Parfitt writes, “Michelle Connolly, director of Conservation North, a Prince George-based group that seeks to protect the interior region’s remaining primary forests — those forests not yet subject to industrial logging — said she was concerned by Nicholls’ pending move from government to one of the world’s top wood pellet users. She is particularly concerned given evidence that tracts of primary forest in the region have been purpose-logged to make pellets.
Connolly asks wryly, “Do movements like this [from government to private industry and back] facilitate the regulatory capture we see in BC, where policies and programs made by government are ultimately authored by the industry?”
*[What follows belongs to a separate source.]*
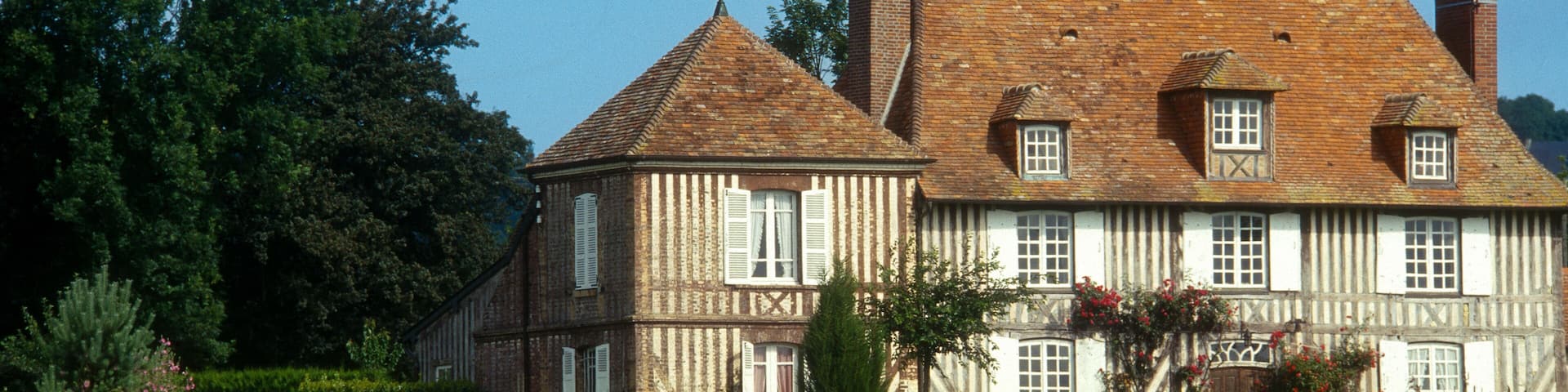 Vache Normanche, Deauville, 14, Calvados, France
Parfitt writes, “Regulatory capture refers to situations where a government regulator tasked with promoting the public interest instead promotes the interests of the very industry it is meant to oversee. A common feature of captured regulators is the revolving door that Nicholls has entered. It’s a portal that many of her predecessors in other provincial entities such as the Oil and Gas Commission have already passed through and many more likely will. And it raises questions about whose interests are really being served as publicly owned resources are effectively managed out of existence.
“Nicholls’ pending move from government to industry comes at a pivotal moment. A fight over the last of what remains of the province’s old-growth forests is underway.”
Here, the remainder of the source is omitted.